文:木下真之/ライター Twitter:@ksitam

柳家花ごめ(やなぎや かごめ)-人の恩返し
桂伸べえ(かつら しんべえ)-広末写真集
春風一刀(はるかぜ いっとう)-聖職者
春風亭昇々(しゅんぷうてい しょうしょう)-真夜中商店街
柳家喬太郎(やなぎや きょうたろう)-カマ手本忠臣蔵
プロデューサー:林家彦いち(はやしや ひこいち)

今回の彦いち師匠推薦のレジェンド枠は喬太郎師匠。「俺はレジェンドじゃねえ」と言いながらも、喬太郎作品の中でもかなりクセの強い「カマ手本忠臣蔵」を見せてくれました。彦いち師匠、ありがとうございます。

柳家花ごめ-人の恩返し

  • 柳家花ごめさん

2020年9月の「しゃべっちゃいなよ」では、24時間テレビのチャリティマラソンをパロった「24時間マラソン」で、6時間も早くゴールしてしまった女性アイドルの話を披露してくれた花ごめさん。その時は、ストーリーが作れる人という印象があり、今年5月に配信で再演を聞いた時もそのイメージは変わりませんでした。今回の「人の恩返し」でも、伏線や展開がしっかりしたストーリーを見せてくれました。
残業続きで疲れ切っている若い男。癒しを求めて猫を飼ってみたいと思うが、家はペット禁止。そんな男が、車にひかれそうな子猫を助けた。

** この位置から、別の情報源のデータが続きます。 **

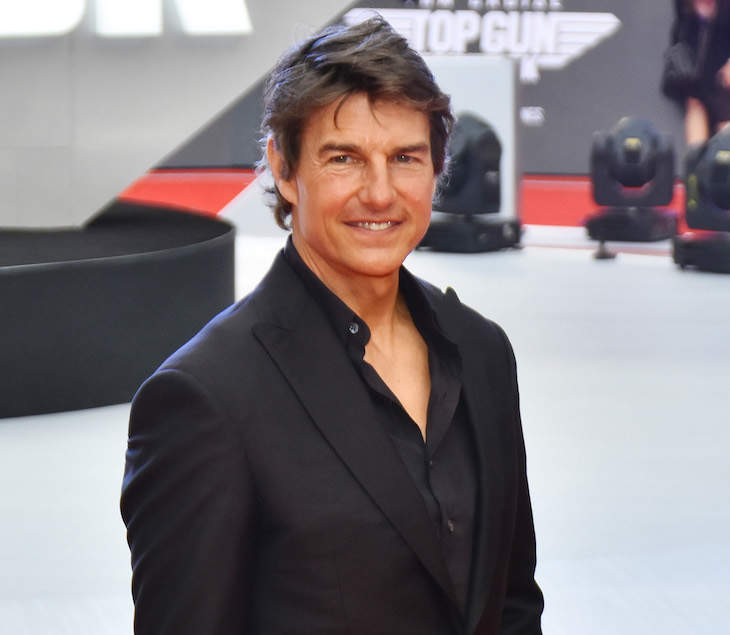 Tom Cruise Was The Star Of One Of Queen Elizabeth’s Platinum Jubilee Celebrations
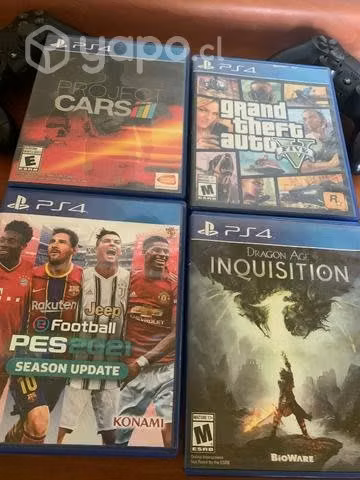 Ps4 venta o permuta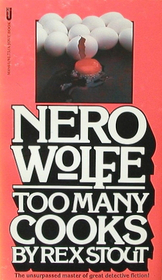 Too Many Cooks (Nero Wolfe, Bk 5)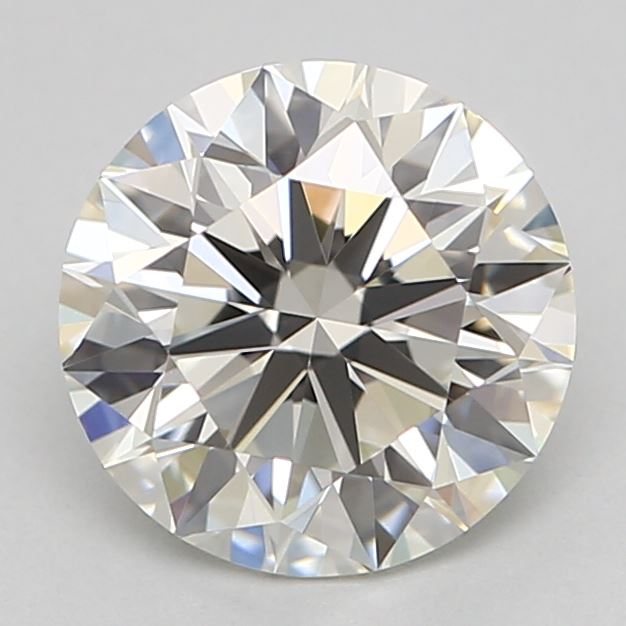 Round 0.82 ct J VVS1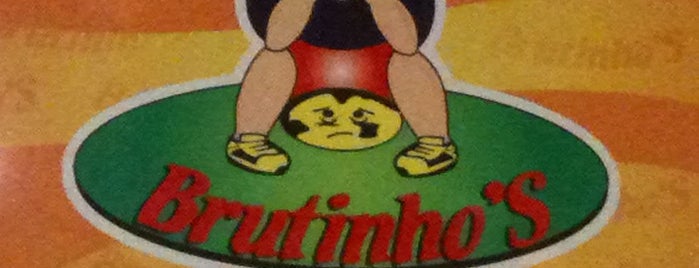 Brutinho's is one of Rayssa List.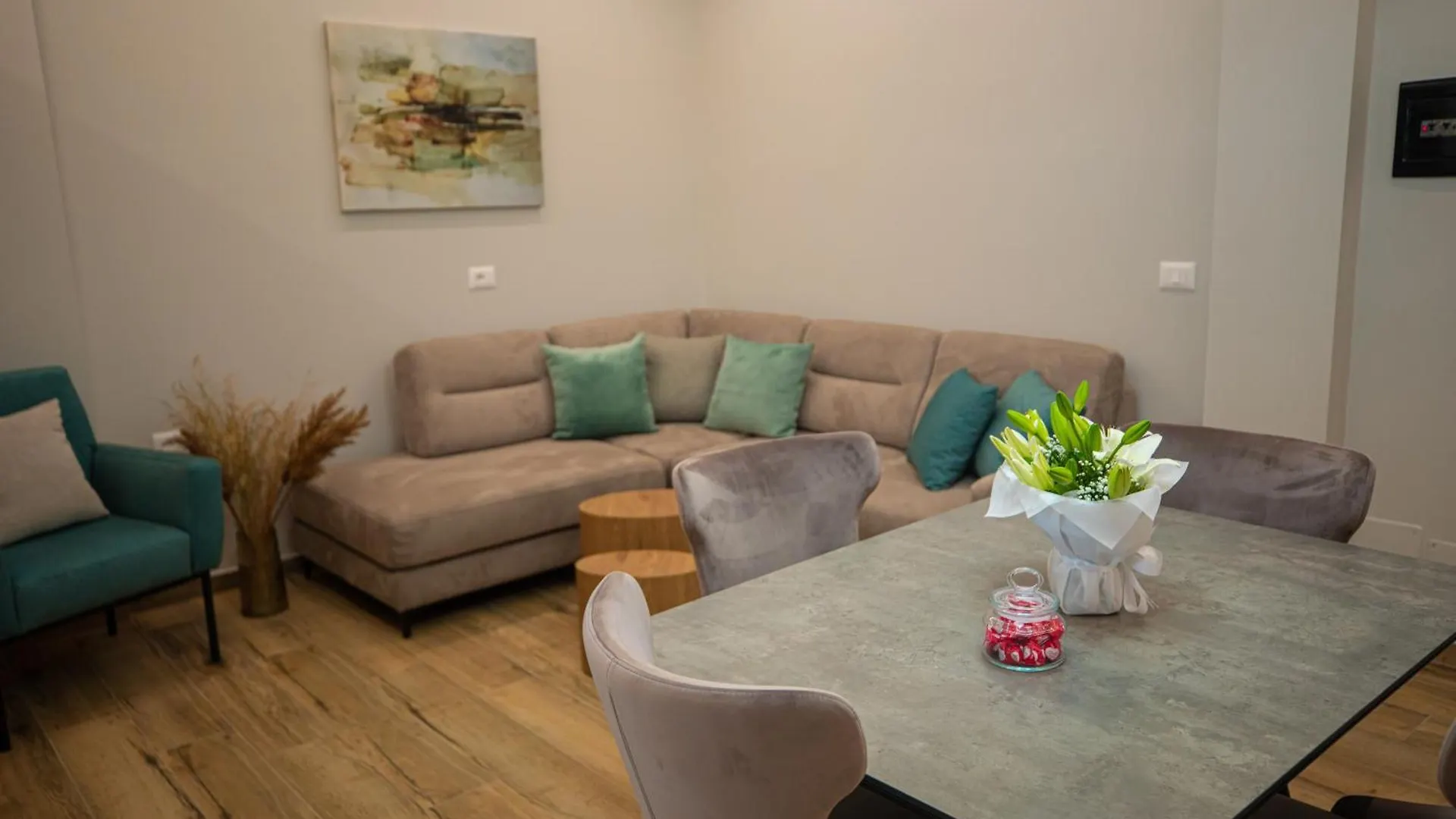 Vlore Luxury Apartaments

それから1週間後、「恩返しがしたい」と若い女性が訪ねてきて、「身の回りの世話をさせて欲しい」と申し出る。という話です。
ストーリーの中にいくつもの「サプライズ」が仕掛けられていて、それをトリガーに男と謎の女性との関係が変化していきます。大きな波や小さな波が波状攻撃のようにやってきて、「どうなるのだろう」とドキドキしながら聞くことができました。コロコロ変わっていく女性の気持ち。それは猫なのか人なのか。最後まで楽しめる作品です。

桂伸べえ-広末写真集

  • 桂伸べえさん

伸べえさん、彦いち師匠は初見とのことですが、私も初見でした。桂伸治師匠のお弟子さんで、伸べえさんの上は宮治さんですが、キャラクターは正反対。落語口調というより、ゆるふわが芸風のお笑い芸人さんみたいな口調。最初は違和感だらけも、慣れてくるとクセになっていきます。落語芸術協会には、個性豊かな落語家さんがいっぱいいるんですね。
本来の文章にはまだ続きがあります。